> [YOUR OBJECTIVE] Starting at the line with "Vorschauseite 1: Können" and going on through the line with "How To Play", reproduce each line in the records below exactly and nothing more.

> [DATASET RECORDS]
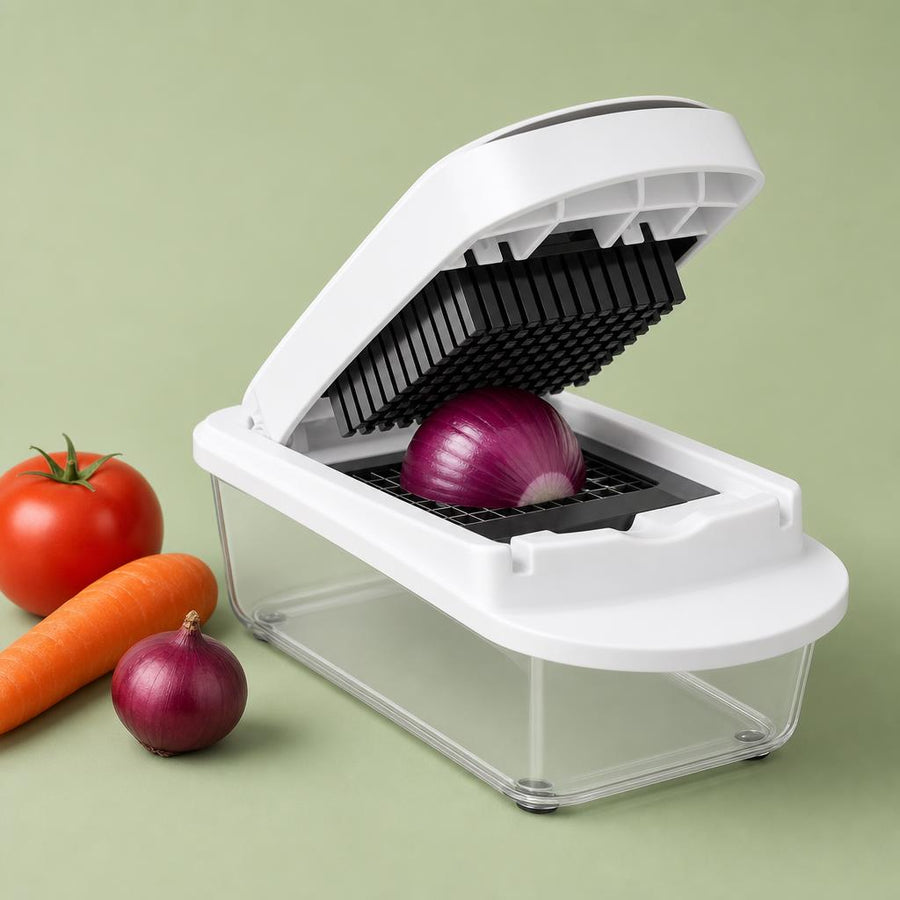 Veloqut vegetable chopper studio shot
* * *
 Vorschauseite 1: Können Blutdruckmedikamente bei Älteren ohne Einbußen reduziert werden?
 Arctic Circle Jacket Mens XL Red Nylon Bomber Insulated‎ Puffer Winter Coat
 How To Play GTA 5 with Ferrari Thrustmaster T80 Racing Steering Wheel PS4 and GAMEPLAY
==
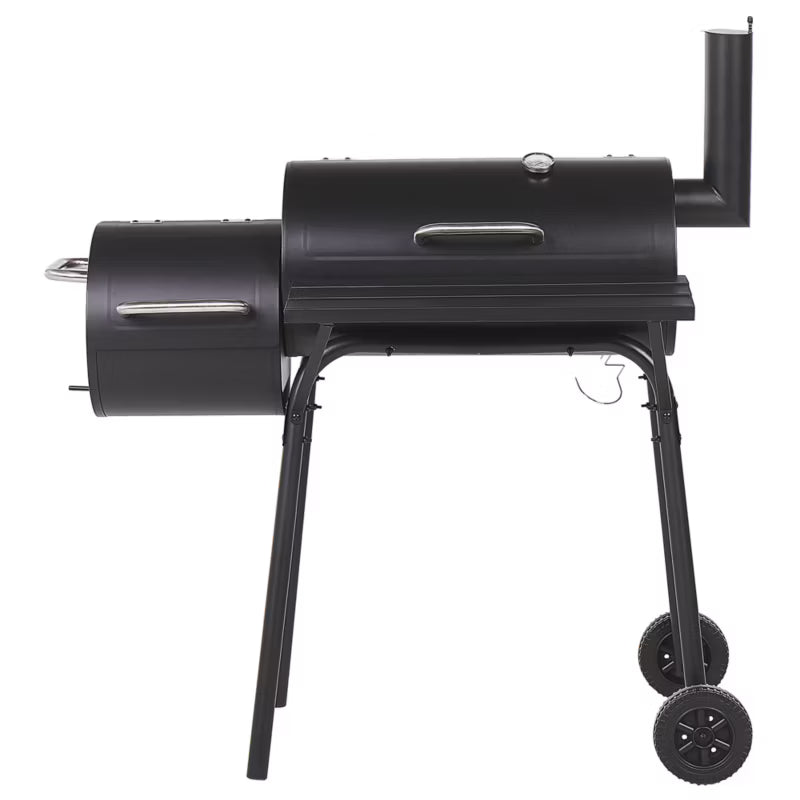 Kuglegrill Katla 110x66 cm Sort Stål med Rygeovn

> [TASK ANSWER]
 Vorschauseite 1: Können Blutdruckmedikamente bei Älteren ohne Einbußen reduziert werden?
 Arctic Circle Jacket Mens XL Red Nylon Bomber Insulated‎ Puffer Winter Coat
 How To Play GTA 5 with Ferrari Thrustmaster T80 Racing Steering Wheel PS4 and GAMEPLAY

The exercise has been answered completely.